Wednesday, March 08, 2006

Laying Down the Laws?

Sometimes Google News picks up the oddest "news reports," like this one from It's a report to update people about the invasive species legislation currently making its way through the federal government, from a property-rights advocate's point of view.

Some issues:

  • The writer of this piece seems to think the "invasive species" is a concept made up so that the federal government can exert more control over the public (i.e. property owners), as indicated by the appearance of "invasive species" in quotes every time the phrase is mentioned...which is a lot.
  • The writer notes that in 2006, it is *aquatic* invasive species that are being targeted by federal legislation. A bit of history: The National Aquatic Invasive Species Act (NAISA) was first introduced in 2002, not exactly a fast-moving piece of legislation.

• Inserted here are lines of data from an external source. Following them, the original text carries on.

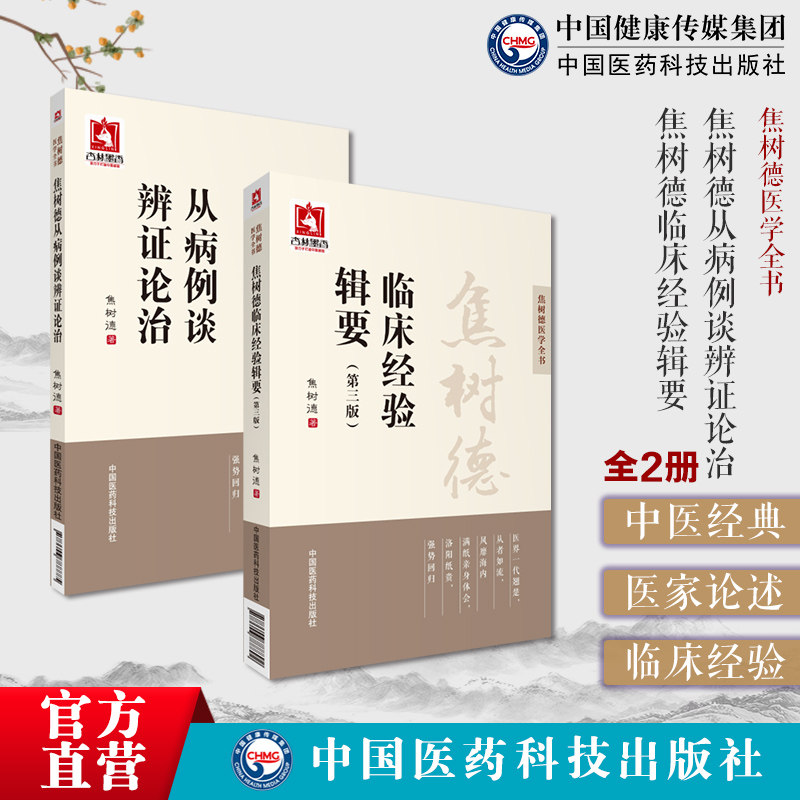 名老中医焦树德从病例谈辨证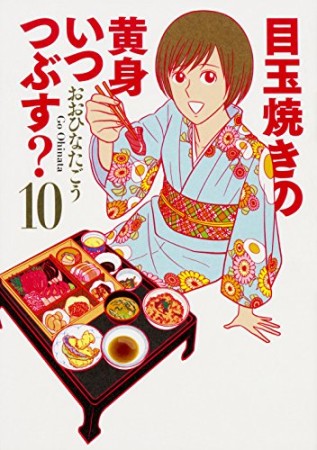 目玉焼きの黄身 いつつぶす？10巻の表紙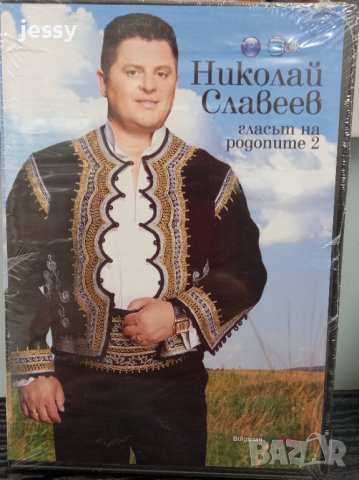 Николай Славеев - Гласът на Родопите 2, снимка 1 - DVD дискове - 31054213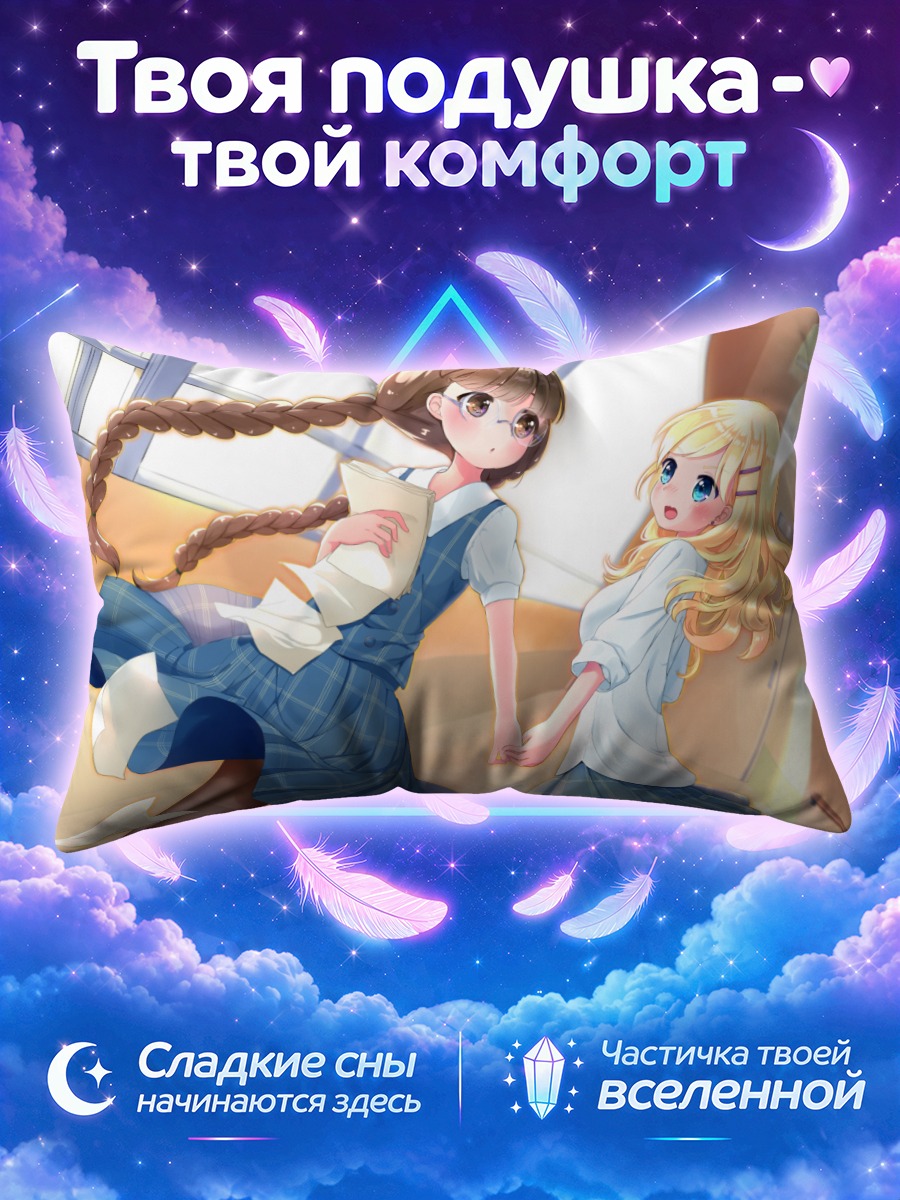 Подушка Школьницы с бумагами у окна
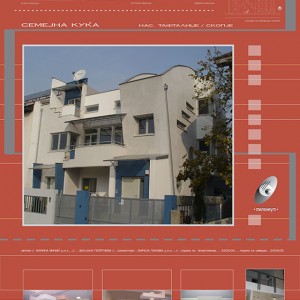 13 Biennial of Macedonian architecture participation; <br>Large annual award for architecture; and<br>Architecture Skopje (Tradiccionalna annual event for architects on the occasion of Skopje 13 November) participation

There are those of us who remember its predecessor, National Invasive Species Act (NISA), that was enacted in 1996. There are also those of us who don't think it makes sense to split invasive species issues into aquatic and terrestrial camps.

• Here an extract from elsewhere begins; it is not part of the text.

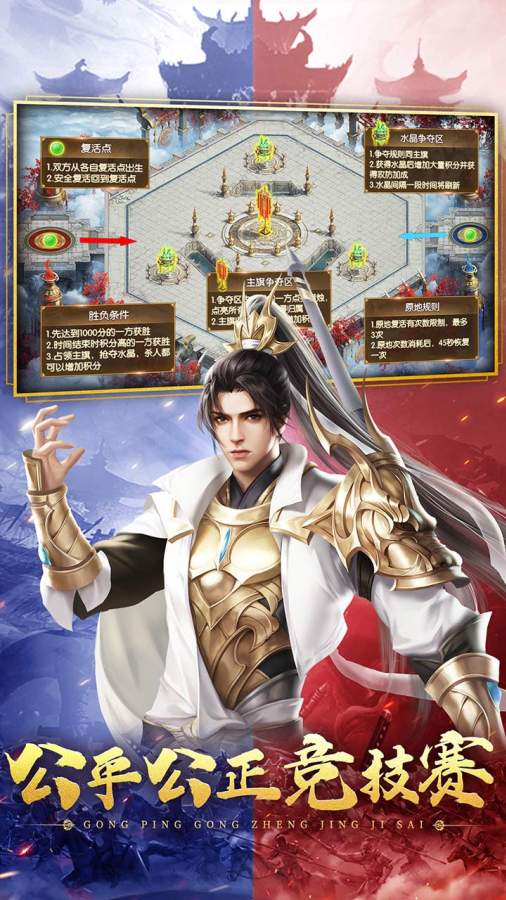 征途20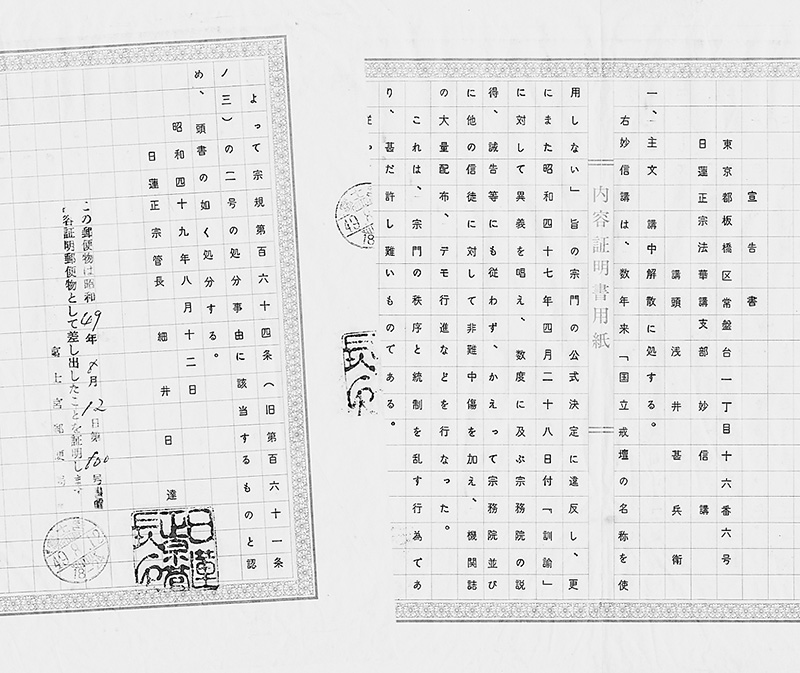 解散処分を通知する宣告書の文書写真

  • The idea that the Ballast Water Management Act might include "non-ballast water factors" is not a bad one. It's about time we all recognized that ballast is just one of several aquatic pathways for non-native species introductions. Yes, I'm talking to you there, with the crusty hull.
  • The writer claims that there has been a six-month media blitz of invasive species articles leading up to now - that is just not true. The ISW has been monitoring the media for invasive species articles for almost four years. While public awareness about invasive species has certainly increased, leading to a flood of posts in the blogosphere, the mainstream media coverage has stayed about the same. The only difference is that more mainstream media sources have gone online, making any articles they publish easier to access.

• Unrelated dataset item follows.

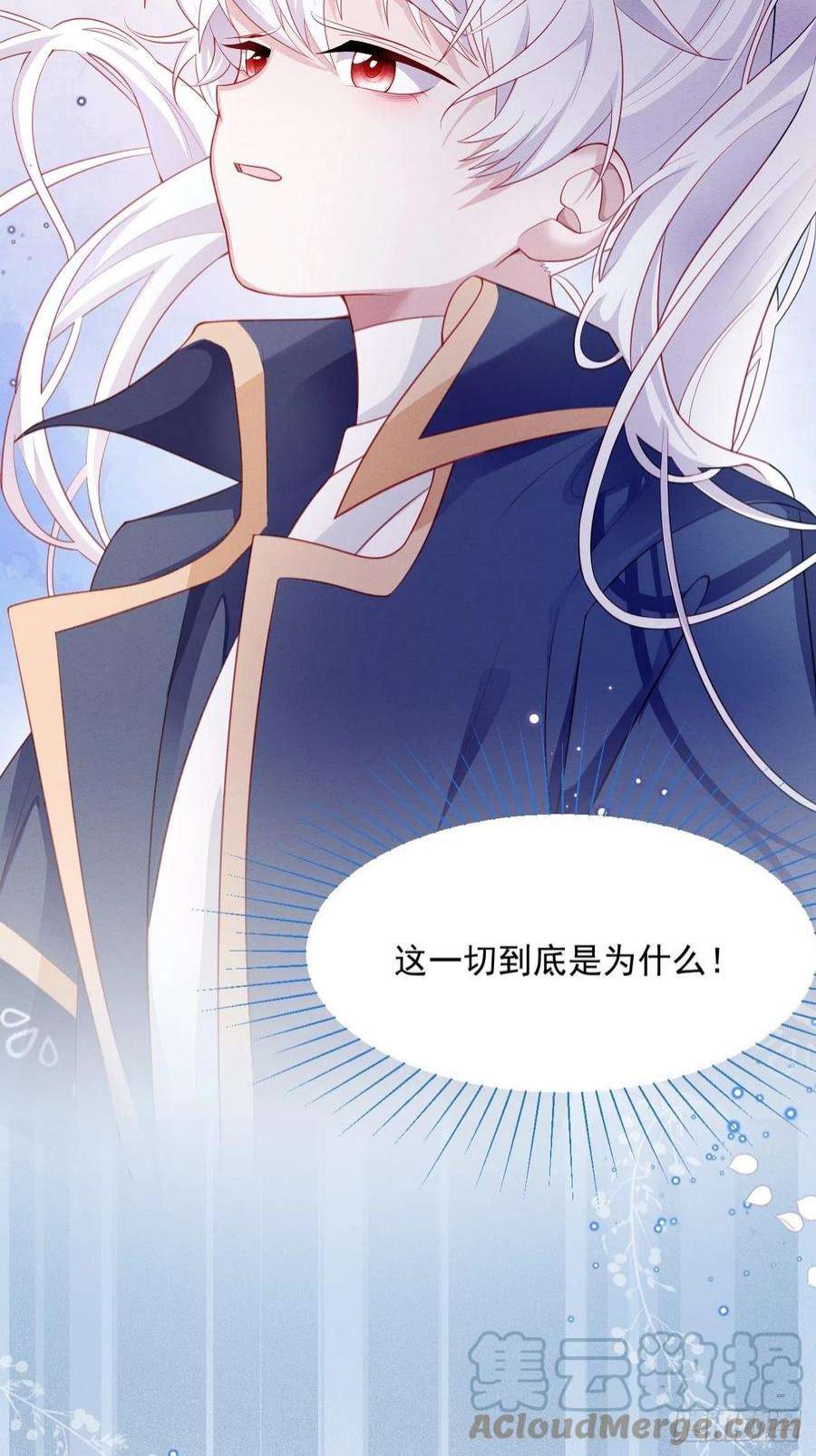 亲爱的妮妮塔40话 想长大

  • As for the claim that these articles are "mostly ghostwritten by “IS” special interest groups"...well, who are all of these special interest groups and why haven't they offered me a job? :-)
  • The people that write and vote on legislation surely have a number of motivators, but it is hard to believe that the key one in play here is a desire to "restrict the rights of rural citizens." The people that support NAISA generally care about the environment and believe that invasive species are causing problems that could be prevented. To suggest that those people do not respect the rights of "rural citizens" is insulting, especially in current times, where slashing of federal and state budgets has led to an uprising of volunteers out there observing ecosystems, collecting data, and cleaning up the messes we've made due to some bad decision-making.